We have built a prototype crawler that crawls a DODS site given the URL
for the site and finds all DODS files at the site. The problem is that
it has no way at present of differentiating between files in a data set
and the data set itself. At our site (a satellite archive) there are
currently in excess of 50,000 files and will soon be in excess of 100,000.
This makes sorting out the information returned by the crawler difficult
at best. (In situ archives can have 100,000s to millions of files - one
per xbt depending on the organization of the site.) Steve Hankin's group
is working adding the ability to group files into data sets. I believe
that he is working with the GCMD on this.
> The situation with ADDE servers is somewhat different. You can (more or
> less) query the server to find out whats available, but this collection of
> information takes a while (eg 8 minutes for complete image data on unidata's
> ADDE server), too long for interactive (eg MetApp) access.
But you still have to know the URL for the server itself. I assume that
there is more than one server?
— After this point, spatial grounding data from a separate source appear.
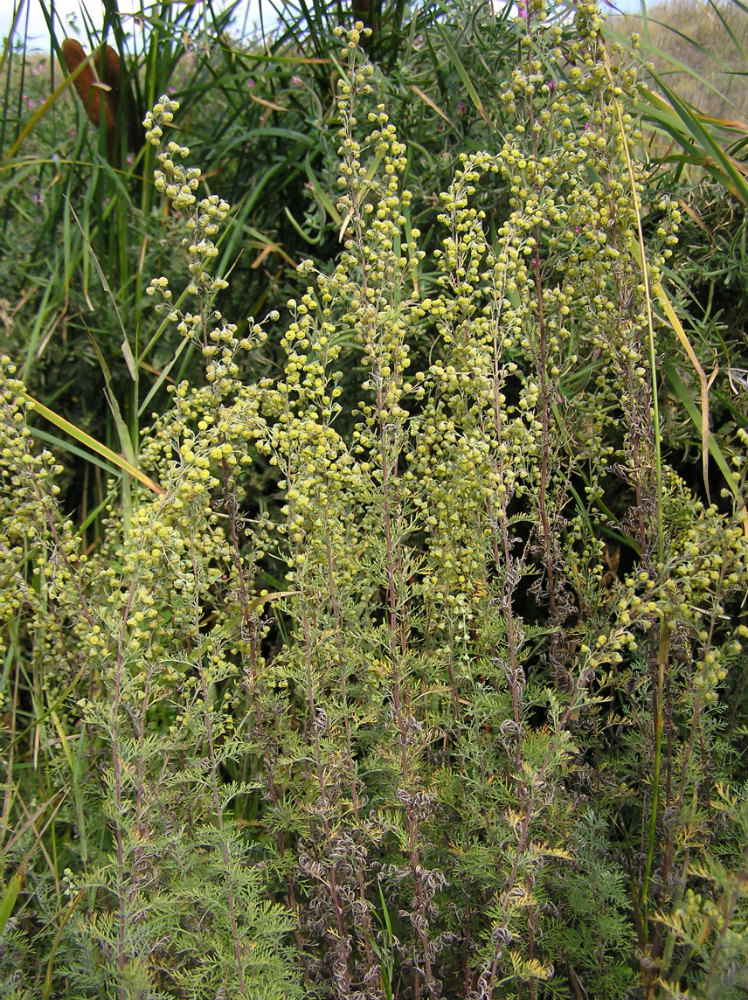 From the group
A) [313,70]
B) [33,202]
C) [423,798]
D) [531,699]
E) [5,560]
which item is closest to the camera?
[423,798]

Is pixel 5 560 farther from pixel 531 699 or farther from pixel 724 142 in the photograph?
pixel 724 142

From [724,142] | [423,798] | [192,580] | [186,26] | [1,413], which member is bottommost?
[423,798]

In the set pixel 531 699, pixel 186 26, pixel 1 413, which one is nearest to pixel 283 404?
pixel 1 413

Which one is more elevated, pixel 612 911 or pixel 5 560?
pixel 5 560

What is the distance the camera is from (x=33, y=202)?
3564 millimetres

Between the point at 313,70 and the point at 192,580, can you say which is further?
the point at 313,70

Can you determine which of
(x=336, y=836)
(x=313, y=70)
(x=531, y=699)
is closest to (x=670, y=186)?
(x=313, y=70)

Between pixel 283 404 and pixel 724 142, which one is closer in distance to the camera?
pixel 283 404

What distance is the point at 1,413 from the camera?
5.62ft

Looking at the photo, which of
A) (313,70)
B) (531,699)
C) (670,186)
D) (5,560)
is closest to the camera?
(531,699)

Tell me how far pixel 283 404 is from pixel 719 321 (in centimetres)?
173

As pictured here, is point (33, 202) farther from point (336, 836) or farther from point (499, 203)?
point (336, 836)

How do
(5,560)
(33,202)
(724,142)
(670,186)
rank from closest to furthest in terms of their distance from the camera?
1. (5,560)
2. (670,186)
3. (724,142)
4. (33,202)

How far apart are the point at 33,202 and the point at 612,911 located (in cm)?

If that is the case there needs to be a
high level list somewhere of server sites. This high level list could
just as well be a list of data set URLs (where there might be a number
at a given site - back to the DODS data set list). Is your concern
currency at the directory? This is the issue that we hope to address
with the crawler. In fact, we hope to take the crawler one step farther
by adding a web page in the htdocs directory that says "I'm a DODS
server, here I am". A crawler can then not only crawl a given site
but when combined with a network crawler, crawl the entire network.
Well, not really, the way I see such a harvester is that it would use
existing repositories (dogpile, yahoo,...) to find server sites and
then direct the site crawler to crawl the sites.
> In both cases the role of THREDDS might be the middleware that does data
> discovery on the servers to provide fast responses to the clients.
Yes, this is a possibility.
> I am looking forward to hearing more about data search and discovery at the
> developers meeting. We hope to corner Dan and see how his work might relate
> to THREDDS catalogs, and if we can merge our efforts in some way.
Sounds good to me.
> > 2) I could find very little information on APPE. Do you have a URL for a
> > site where it is described?
>
> Its ADDE (Abstract Data Distribution Environment, I think). Hopefully Tom
> Yoksas or Tom Whittaker can provide a good URL.
Sorry for the typo; I looked up ADDE when I did the web search.
> >
> > It might also be of interest to the group that the DODS effort will be
> funded
> > to look at a SOAP implementation associated with the core. This is a
> > prototype effort and should be complete within a year.
>
> That will be interesting.
>
> Thanks for your comments.
--
Peter Cornillon
Graduate School of Oceanography - Telephone: (401) 874-6283
University of Rhode Island - FAX: (401) 874-6728
Narragansett RI 02882 USA - Internet: pcornillon@xxxxxxxxxxx